Another way to create textures for your objects is to use the Node Editor. Now this allows us to connect multiple textures together into a network of nodes that create a more complex texture. Let me show you how this works. The Node Editor is a separate window here. So I'm right now in my 3D viewport. So I am going to go ahead and size this down here, and I am going to click on my top-right corner here and create a new viewport. And under that I'm going to select the Node Editor.
Now this is just another window, but it allows us to do a number of different things. Now we have three modes here: we can use this for materials, we can use us for textures, and we can use it for images. I am going to select the middle button here for textures. Now I have my cube selected, and on that cube I have a default material. Now I want to add in a texture. Now typically, I would just go over to this Texture panel and hit New.
But when I am in the Node Editor, you can hit that same button here. So these two buttons are equivalent. So if I hit it in the Node Editor, notice how it creates a new node in my Properties panel. But I don't want to use my default node here, I want to actually use the nodes in the Node Editor. So if I click Use Nodes here, notice how some nodes pop up. And by default it just gives us a basic checkerboard pattern. So if I want, I can actually change this, and I can basically make a texture, such as a blue-and-white checkerboard. And if I want, if I hit Render, you'll see that it actually shows up on that cube.
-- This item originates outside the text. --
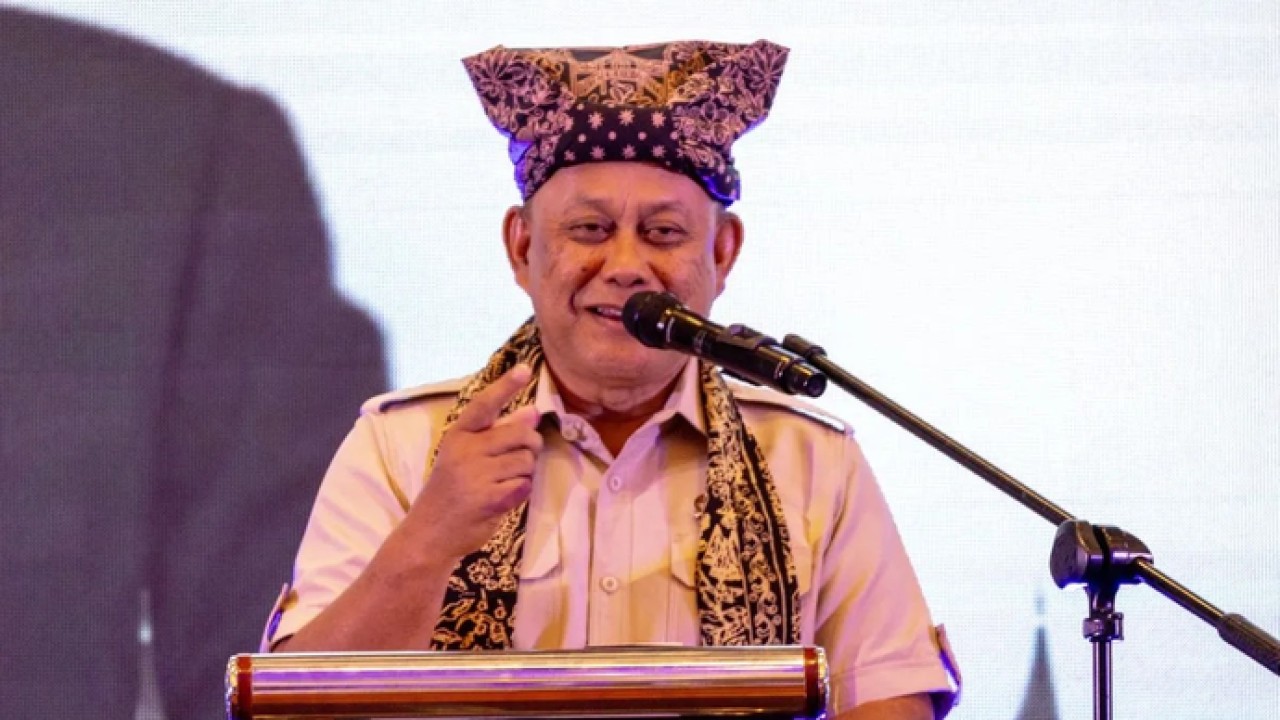 Kepala Kepala BGN Dadan Hindayana menjelaskan rencana pengelompokan SPPG di Kota Padang, Rabu, (22/4/2026). ANTARA/Muhammad Zulfikar (Antara)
So what we have here is we have a node here called Checker which is feeding into this output, which is what's feeding this preview. So if I disconnect this node, notice how this output and the preview go blank. If I select this color node here, you'll see that I can drag out a line and I can plug that into my color channel, and again that shows up in my preview. Now I am not limited to checkerboard. So, if I select this node and just hit the Delete key, then that goes away and I can add in any other type of node I want.
If I go here to the Add menu, you will see I have a number of different types of nodes that I can use to either add in texture or to modify them. So for example here, we have our standard textures, such as Clouds and Wood and Stucco and all of that, but we also have patterns such as the checkerboard we just used. Or we have Bricks. So let's go ahead and select Bricks and bring that up and you will see that nothing really shows up in this panel until we plug it in. So I am going to go ahead and left-click on this color, drag out this line, and plug it into the color of this output node. And you can see how it shows up in my preview.
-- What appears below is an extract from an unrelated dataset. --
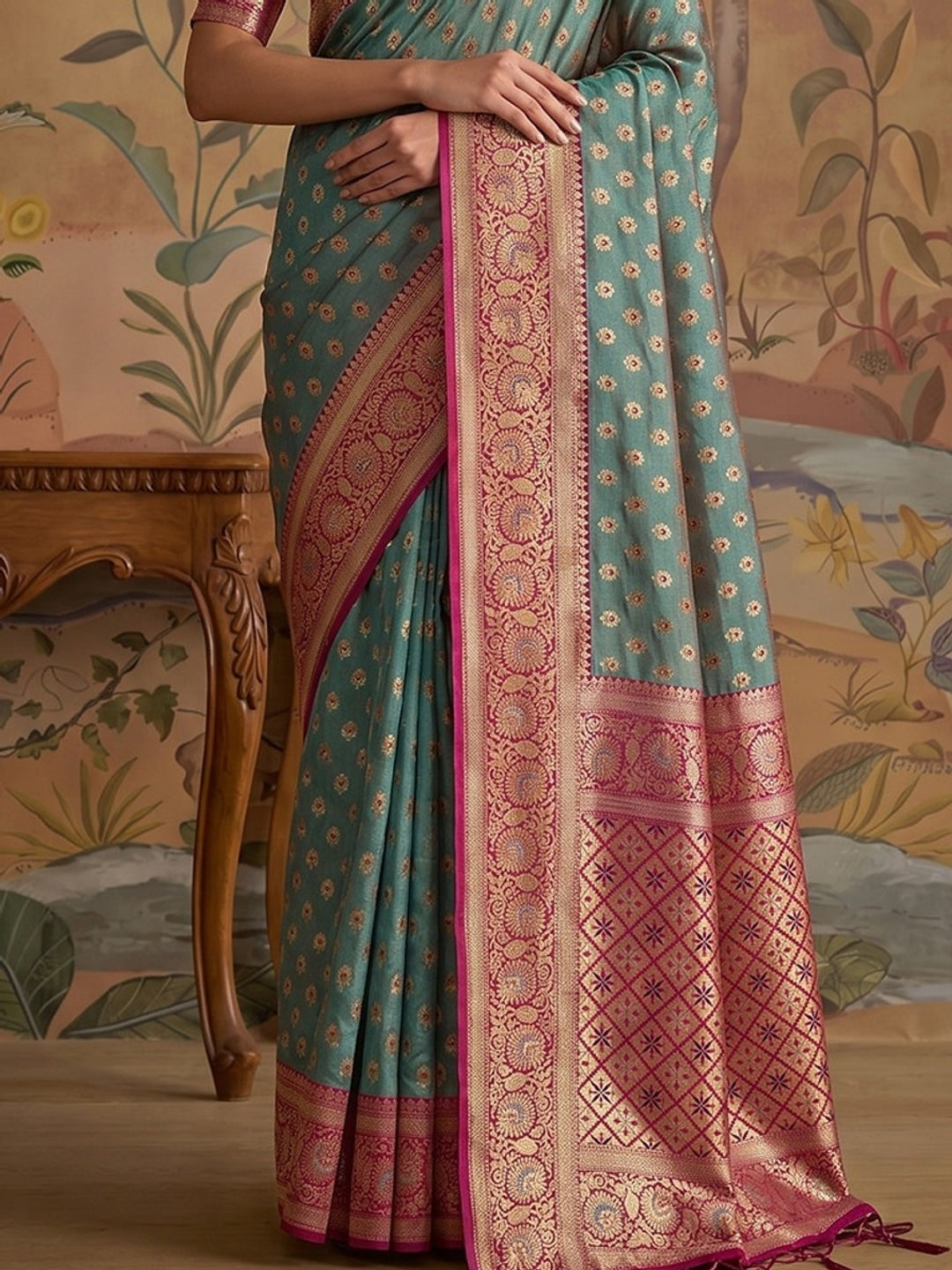 Peachmode Sea Green Silk Blend Woven Saree - Image 5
Now, I have a number of options here that I can change. I can change the thickness of my mortar. I can change my offset of the bricks. So for example, and if I want to, I can make my mortar thicker or thinner, just by dragging this. I can change the color of the mortar. So if I want I can left click on this mortar and we can make it a lighter-colored mortar. I can also change the color of my bricks. So if I click on this yellow brick, I can change it to red. Now I am not limited to just what's in these panels here.
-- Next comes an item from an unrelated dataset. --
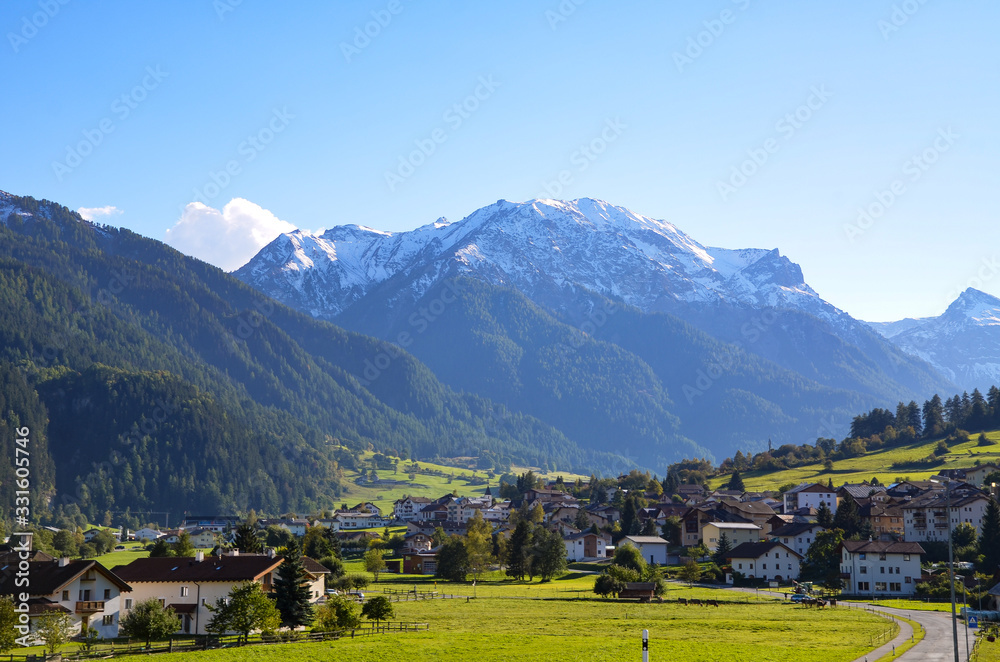 スイス　エンガディン地方ミュスタイア谷の風景（スイス　グラウビュンデン州）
If you notice here, we also have inputs into all of these. Just like we had input this Output node, I can also feed into any one of these an additional color, or an additional node. So if I want to, I can add in another node. So if we go here to Textures and let's say I wanted to add in Clouds, that node will come up, and I can left-click and drag that and this cloud has an output of a color. So if I want to, I can take this color of the clouds and plug it into the mortar of my brick color. And you can see how now this cloud color is showing up as my mortar color.
Now, this is a little extreme, but I can certainly change this. So if I wanted to, I could take my black color and make it a little bit more gray, and you can see now my mortar is a more modeled type of gray. And you can see how this also shows up in my preview. Now if I hit F12 to render, you can see how this shows up on my object. So as you can see, there are a lot of possibilities here. You can certainly plug nodes into other nodes, so it's a really great way to create highly custom textures and materials.